A la façon du bon cuisinier qui aime à « fatiguer » la salade pour lui donner son meilleur goût, le Pape Benoît XVI n’a pas cessé, depuis son discours de Ratisbonne, de « fatiguer » le dogme chrétien. Les plus réactionnaires des catholiques trouvèrent sans doute cela fatigant, toujours est-il qu’aujourd’hui il est très fatigué et il démissionne, ne se sentant pas les forces nécessaires, dit-il, pour persévérer.

Par le discours de Ratisbonne (22 septembre 2006), le Pape, ré-ouvrant le débat millénaire « foi et raison », déclencha une polémique très vive dont l’islam se perçut être la cible alors que la véritable cible était la remise en question du dogme catholique.

Les discours ultérieurs du Pape précisèrent les deux points sur lesquels il introduisait une nouveauté, dont la portée métaphysique fut si inconcevable pour de nombreux chrétiens qu’elle passa pratiquement inaperçue des médias. Il faut dire que ceux-ci étaient plus attentifs au sort de la procréation dont pouvait parler le Pape, qu’à celui du procréateur divin dont il parlait sur un autre plan.

Dans un livre collectif récent « Nouveau regard sur la loi naturelle » (éd. Cerf 2009), ces nouveautés étaient explicitées sans aucun écho médiatique.

Ce silence des médias posait deux questions : la presse catholique était-elle offensée ou intimidée par le rapport que le Pape entretenait avec le dogme : élargissait-il son contenu ou le transgressait-il ? Effectivement, que devenait dans ce « nouveau regard » la bonne nouvelle évangélique ?

La question posée était en effet celle-ci : dans la mesure où le Pape disait aux hommes que la voix du créateur ne cessait de lui parler directement par l’entremise des dix paroles, quelle place faisait-il désormais à Saint-Paul ? En effet, l’apôtre ne cessait de dire que, depuis le péché originel, le père créateur ne pouvait plus transmettre aux hommes sa parole vivante mais seulement la lettre d’une loi dépouillée de tout esprit vivifiant ?

Dès lors, quelle conséquence un chrétien pouvait tirer du fait que pour Benoît XVI, le père n’était plus, comme le disait le dogme, un Dieu muet, mais tout au contraire un Dieu vivant ne cessant de se faire entendre par ces dix paroles ?

Si on veut comprendre la nouveauté du regard et de l’écoute dont parle le Pape, il faut revenir à la confidence qu’il nous fait à l’occasion de son pèlerinage à Auschwitz : le type d’émotion qui fut la sienne est différente de celle dont firent état les carmélites qui auraient souhaité l’existence, dans le camps, d’un lieu de prière, d’un carmel où la croix du Christ aurait pu être le lieu où sa voix, identifiée à celle de toutes les victimes, aurait pu se faire entendre : «Mon dieu pourquoi m’as tu abandonné ?».

Donnons la parole à Benoît XVI pour faire entendre à quel point son expérience fut toute autre et comment il fut porté à nouer une relation vivante avec la parole que Dieu le père donna au Sinaï. « L’échec du 3ème Reich qui avait voulu écraser le peuple juif dans sa totalité avait en vérité, à travers l’anéantissement de ce peuple, voulu tuer le Dieu qui avait appelé Abraham et qui, en parlant du Sinaï, avait fixé les critères d’orientation de l’humanité ».

Dès lors, les 10 paroles sont à la fois la révélation mystique de la parole vivante du Père assassiné et en même temps, fondatrice de la loi naturelle.

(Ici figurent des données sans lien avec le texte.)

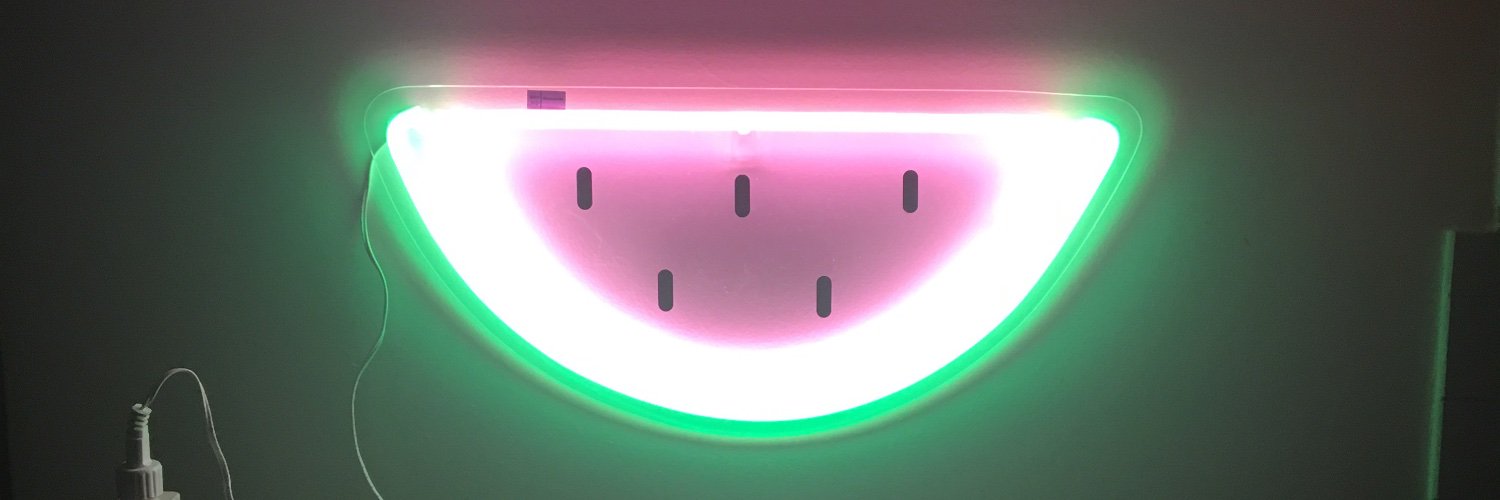 Dylusion's profile banner image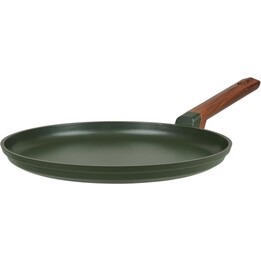 Sartén para crepes D28 H2.7Cm/93712 Resto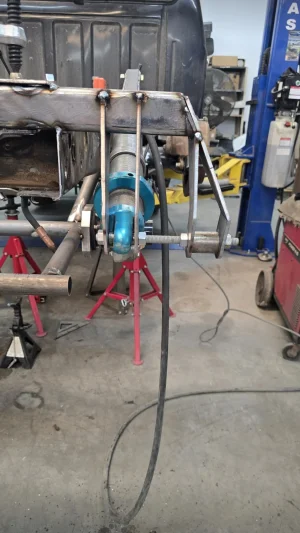 Screenshot_20240929_195124_Photos.webp Screenshot_20240929_195124_Photos.webp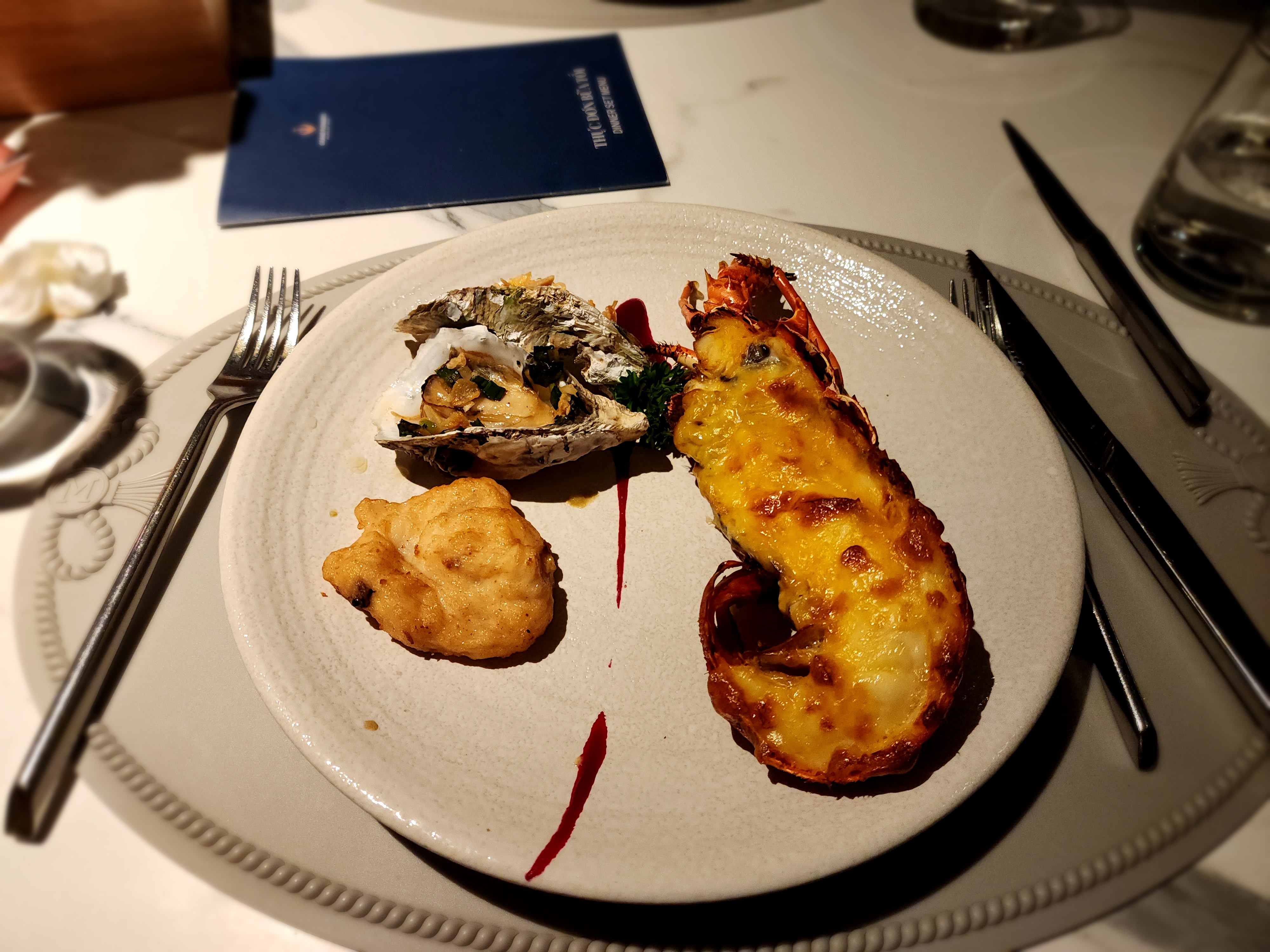 그랜드 파이어니스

Ces paroles ne correspondent plus au regard qui était anciennement celui de l’Eglise sur elles. Dans une homélie récente du 8 janvier 2011, Benoît XVI évoque ainsi le grand « oui » par lequel il est possible de s’ouvrir aux 10 commandements : « ils ne sont pas un ensemble d’interdits de « non… ». Ils représentent en réalité une grande vision de la vie. Ils sont un « oui » à un Dieu qui donne sens à l’existence (les trois premières paroles) ou à la famille (4ème commandement) ou à la vie (5ème commandement) ou à l’amour social (6ème commandement) ou à la solitude et à la justice (7ème commandement) ou à la vie (8ème commandement) ou au respect de l’autre (9ème commandement).

Ces 10 paroles deviennent progressivement l’axe autour duquel s’organise une « concordance » mystique : la traduction grecque de la bible en hébreu est pour le Pape beaucoup plus qu’une simple « traduction » ; elle est ce par quoi la foi et la raison sont dans une mystique faisant concorder la foi biblique de la transcendance et la morale laïque universelle.